Sage Weil [Thu, 24 Mar 2011 00:17:44 +0000 (17:17 -0700)]
mds: reimplement laggy
The goal is for the MDS to stop processing requests when it hasn't heard
from the monitors, to avoid a situation where a rogue process goes off
doing its own thing. Yes, if we fail it over the cmds can't write to the
object store, but it can reply to clients when it may not be appropriate
or good to do so.
The old logic was fragile and wonky, with messages getting deferred, and
then re-deferred.
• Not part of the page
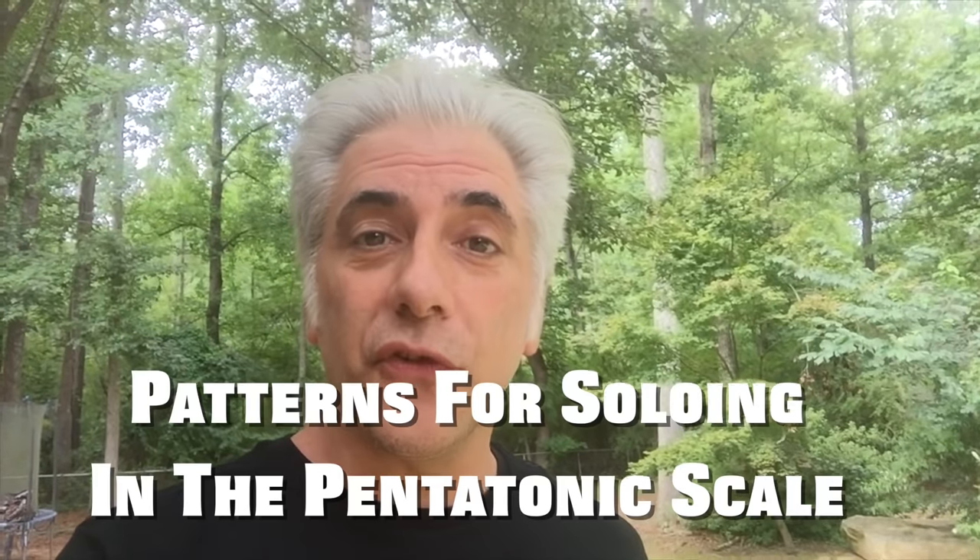You know, you can get on here and look at a million videos about how to play pentatonic scales. In today's episode we're going to learn patterns for soloing in the pentatonic scale, next on Everything Music.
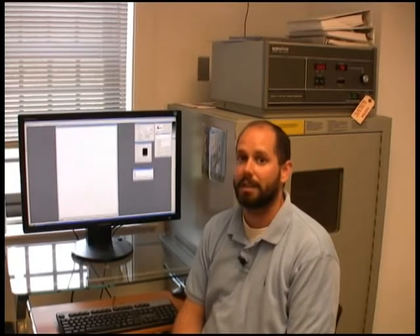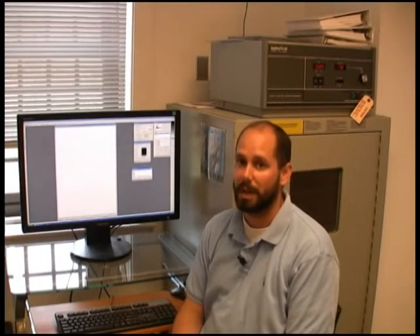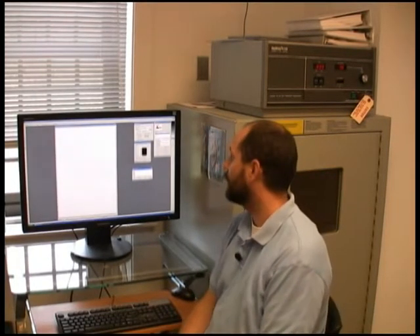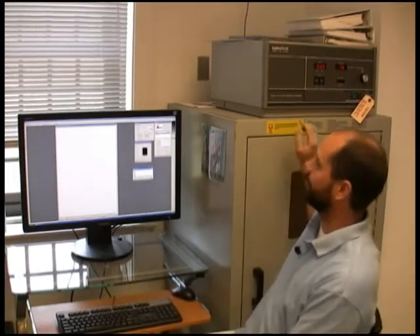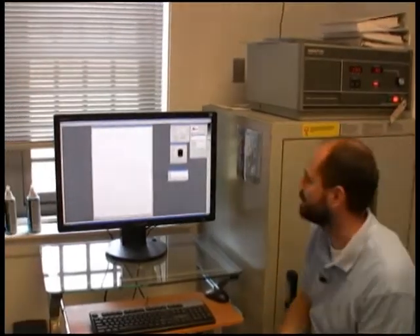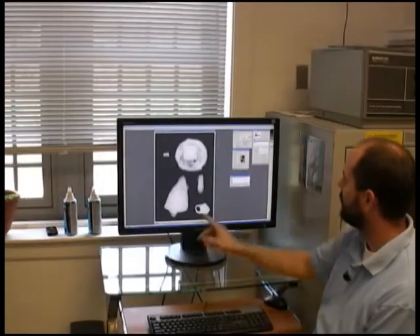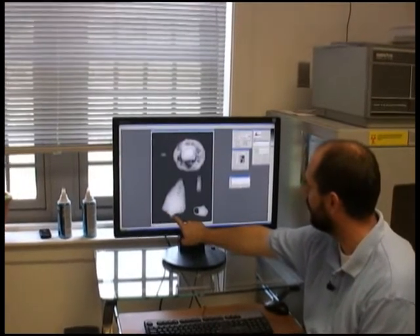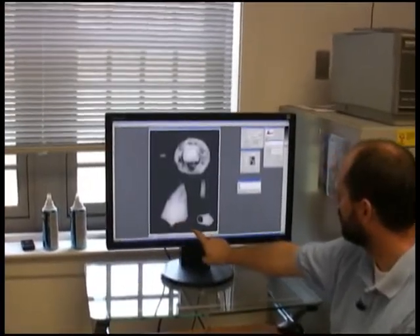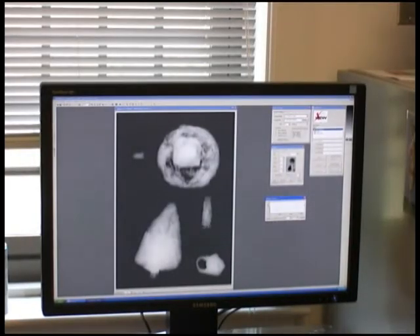Digital x-ray allows us to get a sneak peek through the artifact, helping with identification, conservation treatment methods, and what we want to actually do with the artifact. As you can see on the screen, here's the mason's trowel, and here's the ball lock — we can get a little bit better view on this.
This implementation is much cleaner and should be much
more efficient and less fragile. There are still improvements to be made
as far as which messages we do/do not process when we think we're laggy.
Signed-off-by: Sage Weil <sage.weil@dreamhost.com>
Sage Weil [Thu, 24 Mar 2011 03:37:04 +0000 (20:37 -0700)]
mds: skip redundant flush before journal segment trim
Back in olden times when we would would wait for acks for some journal
writes, we did an extra wait_for_safe() before discarding a journal segment
to make sure anything being discarded was safely committed in newers
segments. These days mds_log_unsafe is always false (and
journaler_safe is true), so we can skip this check.
Signed-off-by: Sage Weil <sage.weil@dreamhost.com>
Sage Weil [Tue, 22 Mar 2011 04:38:36 +0000 (21:38 -0700)]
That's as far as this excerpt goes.